China is the worlds second leading country in terms of international trade. Because of this, China has developed from being a massive factory to becoming the main global market for companies everywhere. As a result, the Chinese authorities are becoming increasingly keen to create an intellectual property protection framework that will allow innovation to prosper in the country. If they dont, the worst affected will be the people of China.
China belongs to the World Intellectual Property Organisation (WIPO). It is therefore bound by the Intellectual Property Law of 1982 (amended in 1993 and 2001), the 1992 Patent Law (modified in 2000 and 2008) and the Unfair Competition Law of 1993.
As far as those aspects are concerned, trademark registration requirements in China are almost the same as they are in other countries that have signed the Madrid System for International Registration of Marks. However, there are some significant differences: sound and smell marks are not recognised, trademarks registered in Latin and Chinese characters are considered different trademarks (and must therefore be registered separately)… Important examples of the introduction of new trademarks in China that take the latter into account are companies such as Nestlé, Coca Cola, Mercedes Benz, Google…
Some practical examples of how major brands made mistakes with their initial brand launch strategies in China are the following:
•Pepsi Cola: When the company launched its new “Blue Storm” trademark in China a local company sued the beverages giant for trademark infringement.
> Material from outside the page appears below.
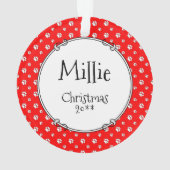 Laten we beginnen! Walk Wheaten Terrier Dog (piepe Ornament (achterkant)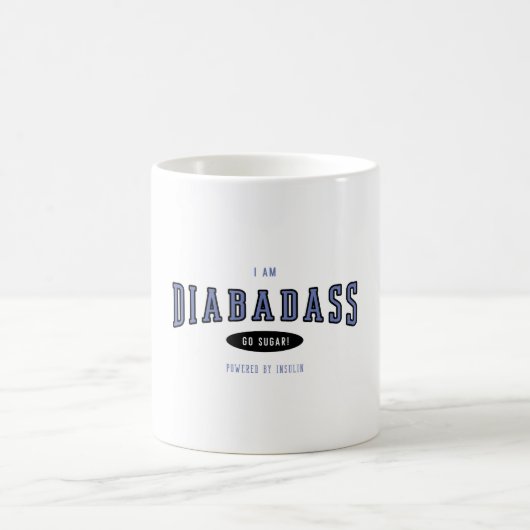 Diabadse Funny Diabetes Kaffeetasse (Mittel)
The court ruled in favour of the Chinese company and ordered Pepsi Cola to stop using the trademark and to pay the plaintiff compensation 3,000,000 yuan.
•Apple: In this case, the mistake was not to register the trademark in the appropriate subclasses. Apple applied for iPhone in 2002 in subclass 0901 for computers and computer software. In 2004, a Chinese company, Hanwang Technology, registered iPhone in subclass 0907 for navigation instruments.
Apple opposed the registration but, because of disparity as regards its application between the different subclasses, the opposition procedure and subsequent appeal were lost, ending up paying millions of dollars to buy back its trademark.
This example illustrates why a brand wanting to enter the Chinese market should register its trademark quickly and in good time. In this case, Ferrari had to spend 11 years fighting in court when it had already registered an image of a horse for use on clothing back in 1995.
It is recommended to register a Chinese version of the foreign trademark (translating this or using a phonetic transcription) because if only the Latin characters are protected, the version in Chinese characters is not protected.
Failure to choose a suitable name, in terms of phonetics and calligraphy, can leave the trademark vulnerable to third parties taking control of and causing serious damage to the trademark or company concerned.
Trademarks can be registered in China by taking the national route (with a local agent, fees payable according to the number of products or services, with several substantive and preliminary examinations, considerably dragging out the procedure…). They can also be registered internationally (with a unified procedure but, as you are well aware, you must have a basis trademark from Spanish Patent and Trademark Office (SPTO) or Office for Harmonisation in the Internal Market (OHIM)).
In both cases, and in the same way as it is required in Mexico and the United States, use of the trademark within three years must be certified.
To conclude, it is important to remember that before moving into the Chinese market, the trademark must be duly registered in that country. It is critical to pay particular attention to the legalities of any contracts or agreements signed with local distributors where the Intellectual Property of the trademark is regulated.
One example of the importance of the latter is the agreement between the Russian Government and the Chinese company “Shenyang Aircraft Corporation”, signed in 1996 to assemble 200 units called J11 in China. After sending 95 kits and 180 AL31F engines to China, in 2004, China cancelled the programme. What a surprise when, in 2007, China presented its new supersonic fighter, the “Shenyand J11B”!